§ Exercise goal
Give the records below again, word for word. No pictures belong in the copy.

[Brief descriptive captions]
═══
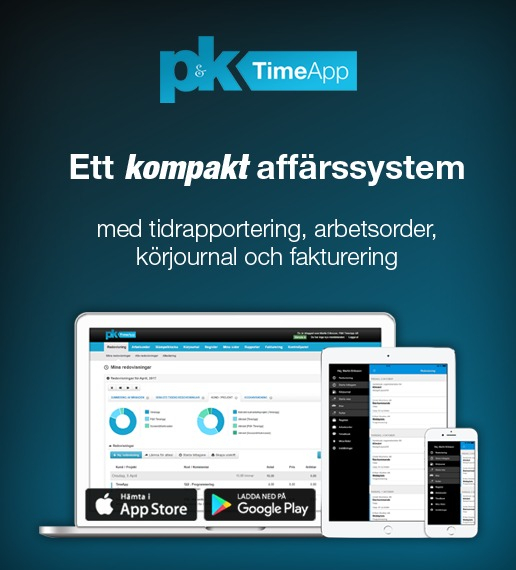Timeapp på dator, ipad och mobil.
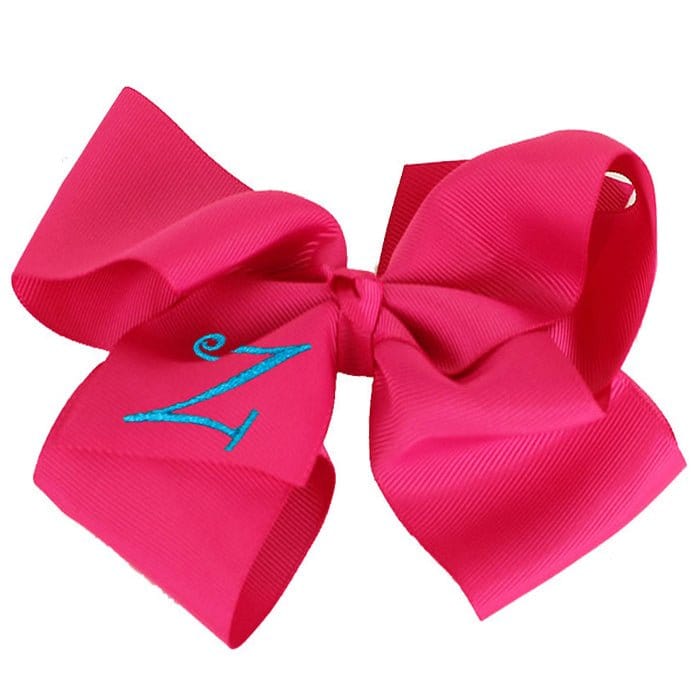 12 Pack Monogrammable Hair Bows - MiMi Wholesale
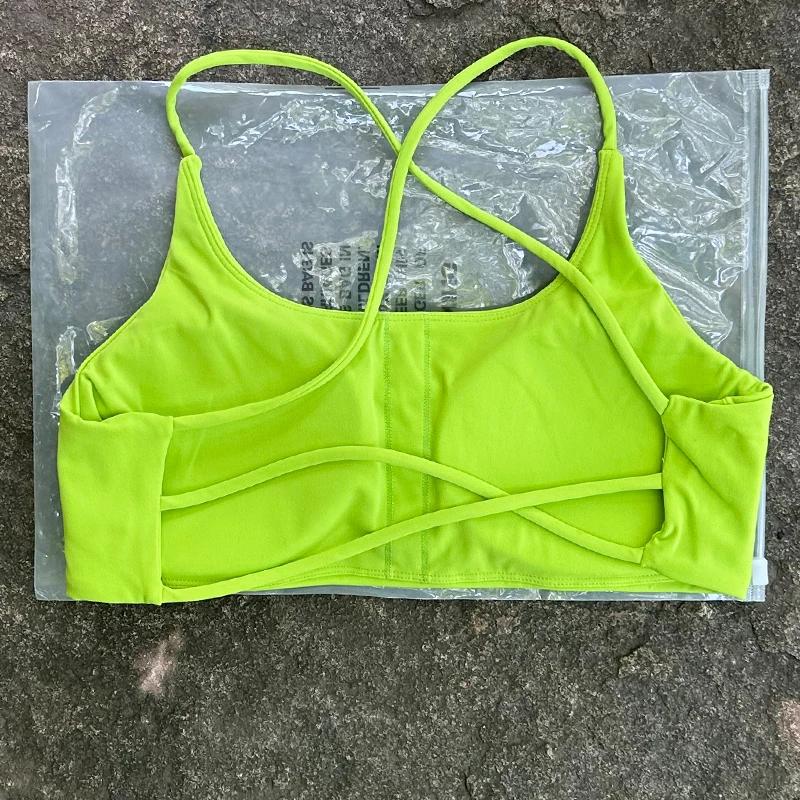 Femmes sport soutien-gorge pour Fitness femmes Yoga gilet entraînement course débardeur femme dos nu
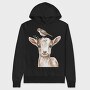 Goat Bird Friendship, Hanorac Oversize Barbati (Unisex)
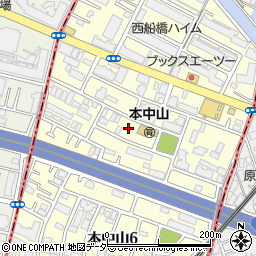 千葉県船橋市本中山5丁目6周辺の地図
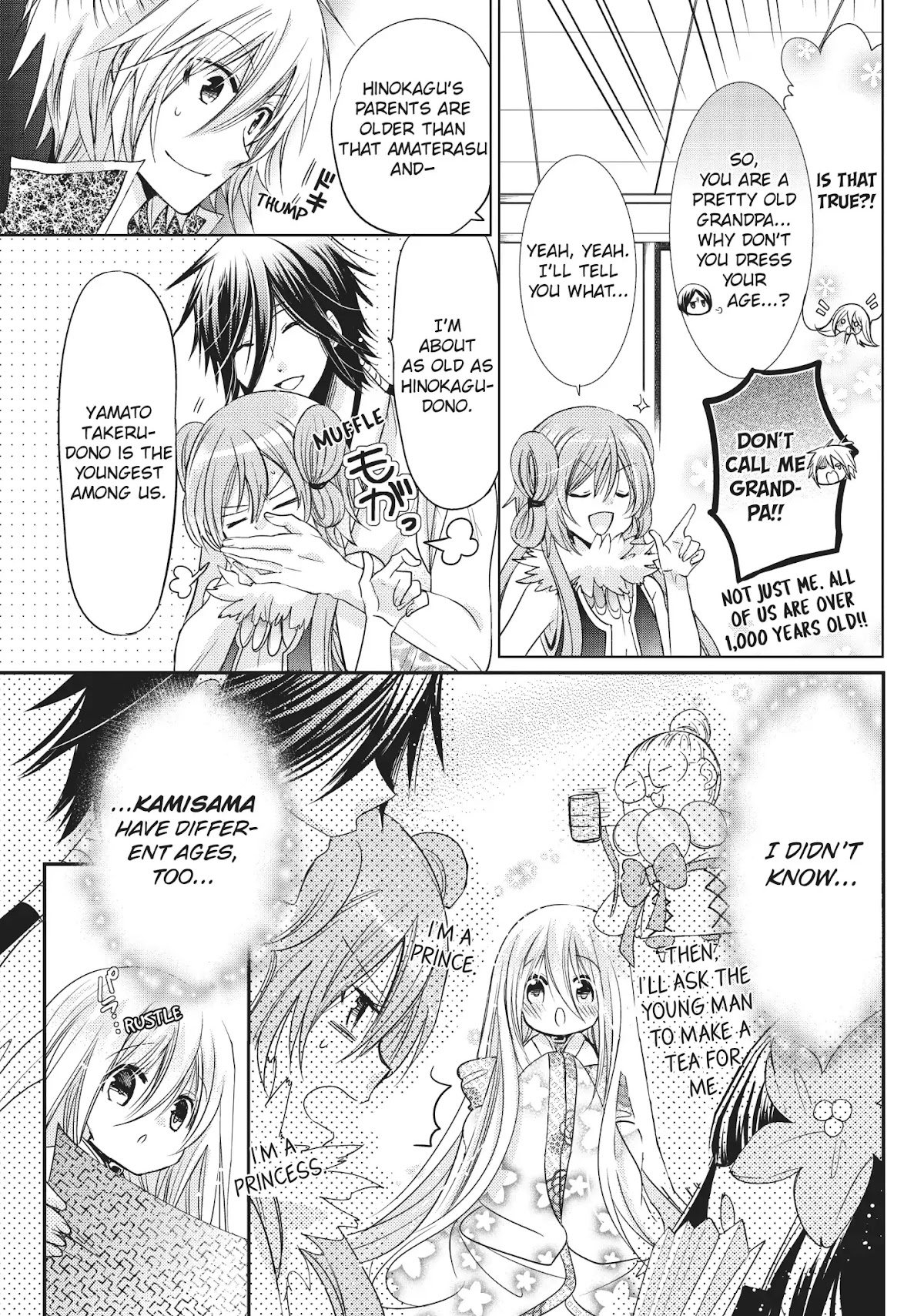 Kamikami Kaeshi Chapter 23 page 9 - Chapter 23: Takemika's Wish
═══
§ Solution for this exercise
Timeapp på dator, ipad och mobil.
 12 Pack Monogrammable Hair Bows - MiMi Wholesale
 Femmes sport soutien-gorge pour Fitness femmes Yoga gilet entraînement course débardeur femme dos nu
 Goat Bird Friendship, Hanorac Oversize Barbati (Unisex)
 千葉県船橋市本中山5丁目6周辺の地図
 Kamikami Kaeshi Chapter 23 page 9 - Chapter 23: Takemika's Wish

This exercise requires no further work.